In many cases, consumers have little or no power over the security of company databases that house their confidential financial information. Where you do have a significant amount of control, however, is when it comes to passwords and log-ins.

We have offered tips in the past regarding how to construct a stronger and less vulnerable password. Today, we’re offering advice about how you can amp up your defenses when asked to provide answers that facilitate 2nd-layer protections.

Tier 2 Defenses

What we mean by “tier 2” defenses are the second level security measures some companies have in place, which you will usually see when accessing an account online. I’m speaking of the instances when you are asked to give additional information to prove your identity. Examples include answering questions like:

  • What high school did you attend?
  • What is your mother’s maiden name?
  • What’s the name of your first pet?
  • What street did you live on as a child?
  • What city were you born in?

Many consumers don’t give much creative thought to their answers, which is pretty natural. We are all accustomed to providing face-value responses when asked these kinds of questions, which are similar to the ones that we might have to answer for the Census Bureau. Perhaps our honesty when answering these types of security questions is actually making us more vulnerable to hackers online.

The System is Obsolete

The problem with tier two security tactics is that they are somewhat outdated since they were established before the rise of social media. Credit card companies have been using this line of questioning since long before corporate data breaches were even “a thing.” It’s even been reported that debt collectors are using social media, too, in an attempt to collect information. The protocol is basically obsolete, and if you answer factually it can be essentially worthless in terms of its ability to protect you from a slick, resourceful criminal who wants to steal your account data.

The only thing thieves have to do to harvest tons of personal information about you is monitor your activity and posts on social media platforms such as Facebook, Twitter, Instagram, and LinkedIn. Questions like, “What’s the name of your favorite pet?” was probably revealed that last time they posted a cute cat video to YouTube or Vine.

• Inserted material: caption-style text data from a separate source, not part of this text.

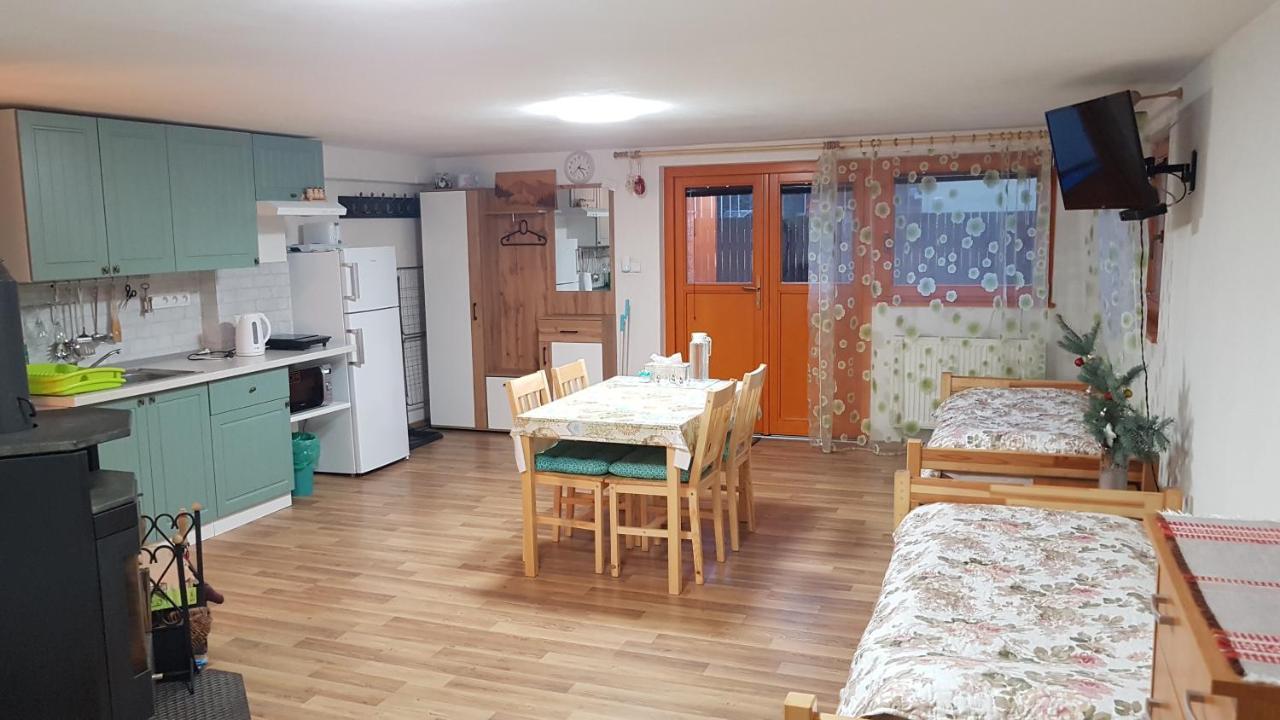 Privat Nika Hotell Závažná Poruba Eksteriør bilde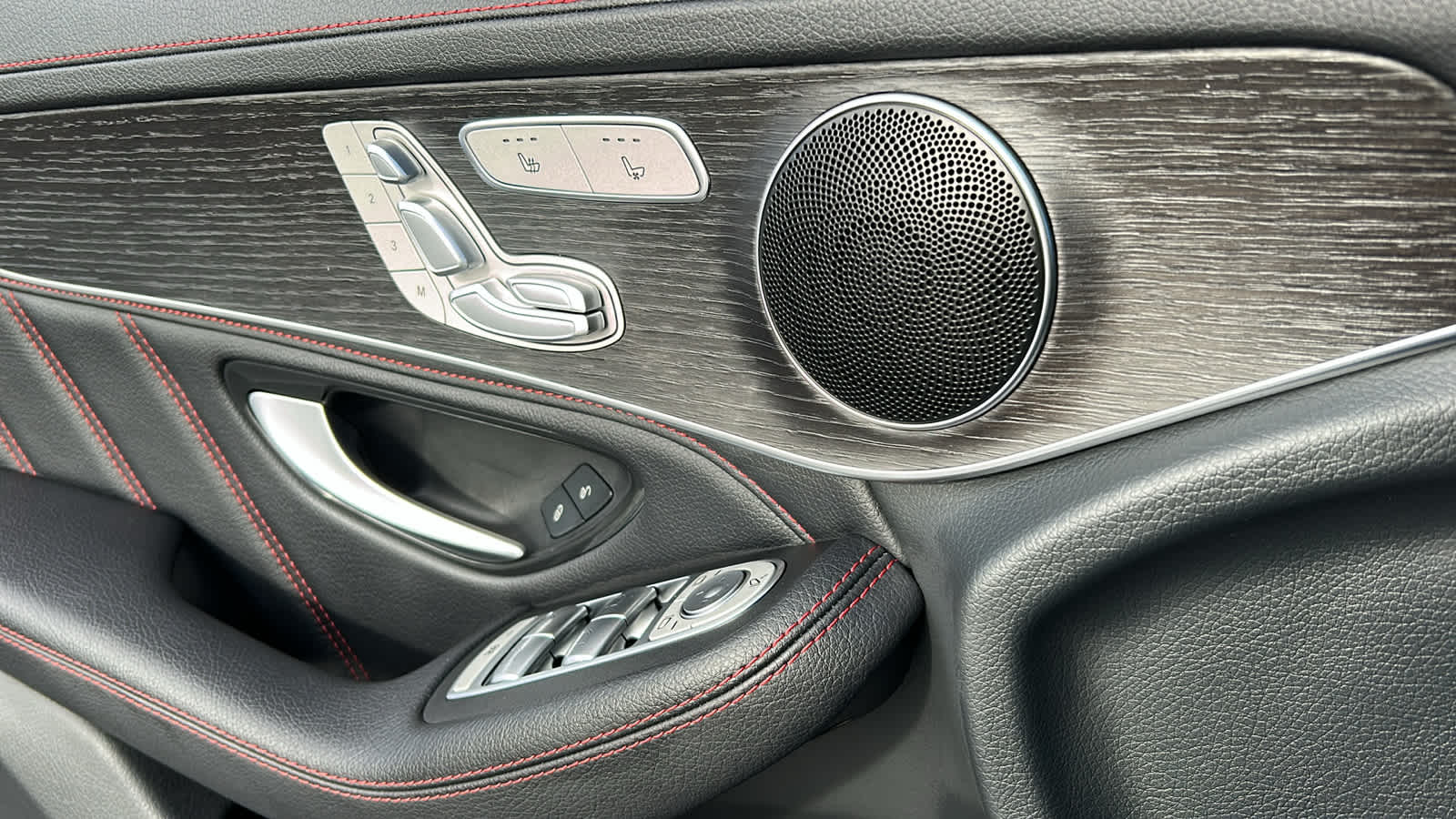 Thumbnail: 2022 Mercedes-Benz GLC - 22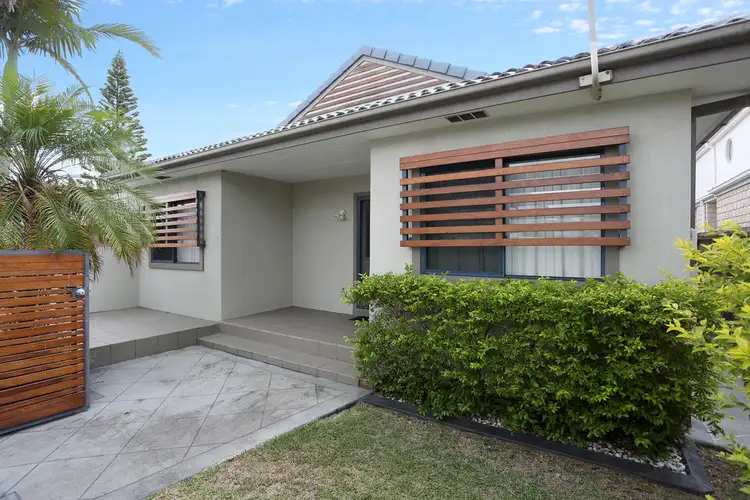 17 FRANCIS STREET, Mermaid Beach QLD 4218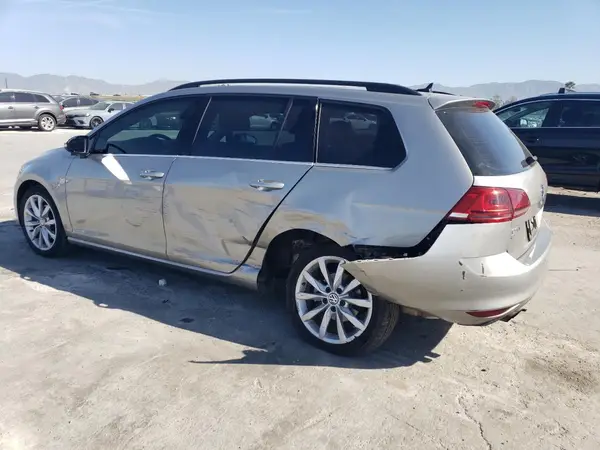 3VWC17AU5HM511987 2017 VOLKSWAGEN GOLF - Image 2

There are also realms of publically-available data about every American that can be accessed instantly by viewing public tax records or court documents online. It’s not that hard to locate someone’s Last Will and Testament, marriage license, real estate transaction documents, or even figure out their social security number –scary!

The bottom line is that a great deal of the factual information that constitutes your personal bio and profile is easy to locate, and that makes it really easy to learn the correct answers to 2nd-level security questions like “What is your mother’s maiden name?”

How to Reverse-Hack the Hackers

The good news is that with a little imagination you can beat the hackers at their own game by ignoring the facts and creating your own unique answers that cannot be found anywhere in the world. The key is to not answer questions directly, but use them as prompts to retrieve a different fact or piece of data.

Here are some examples:

  • When asked what high school you attended, think of your school colors or mascot. Instead of your secret answer being “Eastside High,” for instance, it will instead be “Blue and Gold” or “Hawks.”
  • When asked what your mother’s maiden name is, use that question to make you think of your favorite maiden. Answer, “Cinderella,” or “Snow White,” for example.
  • When asked what street you lived on as a kid, try giving the name of your subdivision instead.

The possibilities are endless, and it can be great fun. Practice this technique of bridging one fact to another one, and soon you’ll get the hang of it.

Make the answers easy enough to remember so you can retrieve them without difficulty, while simultaneously creating enough of a disconnect to protect yourself from identity thieves trying to use your information against you.